Первая же фраза Катонова «Земледелия» настораживает: «Предпочтительнее, пожалуй, для обогащения заняться торговлей, да она так опасна, или даже ростовщичеством, да оно так непочтенно». Катон не обещает своему читателю ни быстрого, ни сильного обогащения. Доходность товарных угодий имения обеспечивалась уровнем самодостаточности его как хозяйственного целого. А «прочность» дохода от земли сводилась, видимо, к тому, что земля не могла погибнуть, как корабль купца.
Как пишет советский исследователь, «за исключением некоторых крупных скотоводов конца Республики, ни один из известных нам римлян не нажил большого состояния на сельском хозяйстве, основанном на рабском труде. Очевидно, оно приносило, в общем, довольно скромный доход…» 3. Правда, очень крупные землевладельцы, по-видимому, получали немалый доход, сдавая землю в аренду, но изучение арендных отношений во времена Республики затруднено тем, что отношения зависимости, которые возникали между человеком, возделывавшим чужую землю, и ее собственником, не занимали римских писателей-агрономов. Они писали о возделывании своей земли, а при аренде земля просто передавалась другому, который также возделывал ее с «потомством» или рабами. (Недаром слово «колон», которое лишь позднее стало специфическим обозначением человека, сидящего на чужой земле, в языке Катона обозначало вообще человека, возделывающего землю, и прилагалось именно к собственнику-рабовладельцу.) Поэтому римляне того времени не противопоставляли арендные отношения рабовладельческим и принципиально иного уклада в них не видели.
Сказанное не умаляет значения сельского хозяйства как основы италийской экономики. Именно оно обеспечивало Италию продуктами питания, в том числе хлебом (привозного хлеба хватало только на Рим и на войско). Но в глазах богатых владельцев имений земледелие само по себе было не «отраслью хозяйства» (они и не мыслили в таких категориях), а скорее престижным образом жизни и его самообеспечением. Источником средств для приобретения земли было, как правило, не производство. Земля считалась ценностью не просто экономической, но нравственной и укорененной в идеологии.
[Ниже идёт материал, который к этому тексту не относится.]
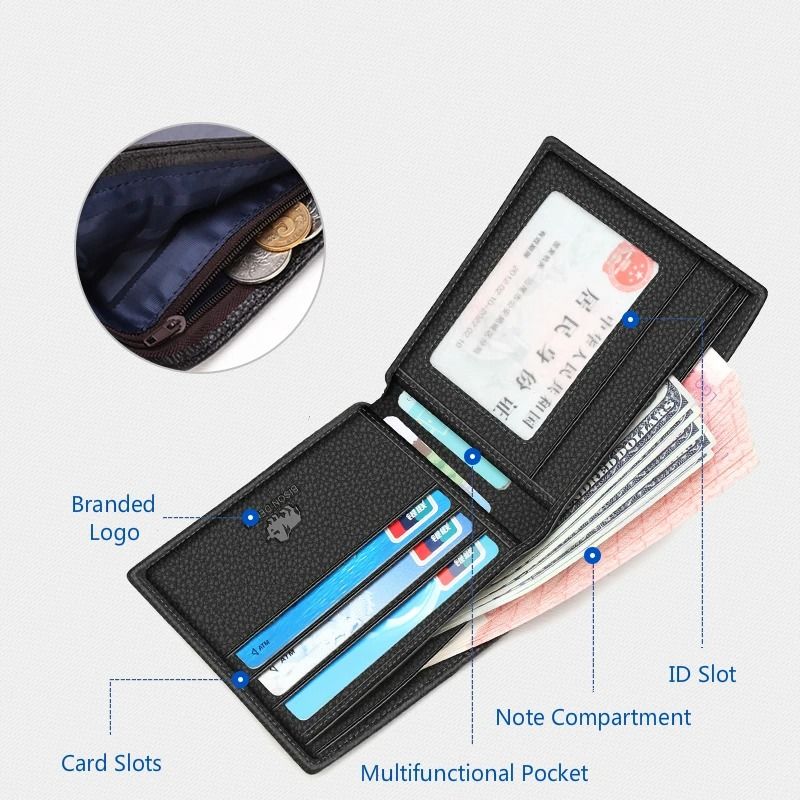 Genuine Leather RFID Wallet For Men With Coin Pocket And Card Holder 1
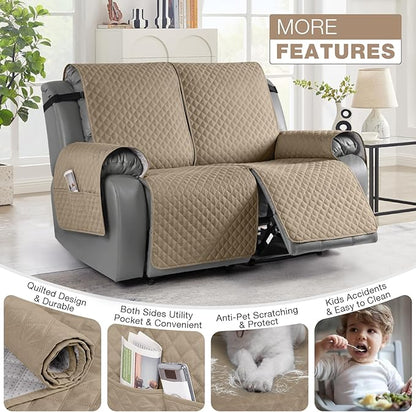 TAOCOCO Loveseat Recliner Cover Non-Slip Sofa Slipcover, Pet Cover for Loveseat Recliner with Elastic Straps, Washable Reclining Loveseat Cover Recliner Furniture Protector (2 Seater, Camel)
Недаром унаследованная («отцовская и дедовская») земля считалась крепче связанной с владельцем, чем купленная, и продажа ее была одиозна в глазах общественного мнения.
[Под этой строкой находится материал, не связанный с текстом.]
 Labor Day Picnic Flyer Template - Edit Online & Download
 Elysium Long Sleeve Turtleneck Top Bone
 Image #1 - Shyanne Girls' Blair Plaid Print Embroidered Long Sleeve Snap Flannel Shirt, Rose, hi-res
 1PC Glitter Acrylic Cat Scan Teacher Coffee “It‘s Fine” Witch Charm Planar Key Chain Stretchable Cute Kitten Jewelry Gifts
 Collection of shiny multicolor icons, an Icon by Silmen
О римском ремесле Средней и Поздней Республики дают представление советы Катона: «Туники и прочие вещи где покупать. В Риме: туники, плащи, лоскутные одеяла, деревянные башмаки. В Калах и Минтурнах: плащи с капюшонами, железные изделия, серпы и ножи, лопаты, кирки, топоры , в Суэссе и в Лукании телеги; молотильные доски в Альбе и Риме; долии, чаны, черепицу из Венафра. Для тяжелой земли хороши будут римские рала, для рыхлой кампанские <…). Маслодельные прессы в Помпеях, Ноле . Ведра, кувшины для масла и прочую бронзовую посуду в Капуе и Ноле. Кампанские корзинки хороши». Все это необходимый хозяйственный инвентарь, утварь, рабочая одежда. Кое-что из этого можно было делать (и нередко делали) и в имении. Но Катон рекомендует «нелегкому на покупки» хозяину иметь дело с городским ремеслом, развитым и дифференцированным. Кое-что делалось на заказ из материала хозяина: заказывая (в Казине или Венафре) канат для давильни, надо было сдать в мастерскую «восемь шкур собственного скота, недавно перемятых». Маслодельные прессы привозились на быках, монтировались и отлаживались мастерами. Иногда приглашались мастера для изготовления металлических деталей, заливки их свинцом и т. п. Имение Катона при всей его тяге к самодостаточности оказывается тесно связано с городским ремеслом целого района Италии, причем речь идет именно о связи хозяйственной, производственной.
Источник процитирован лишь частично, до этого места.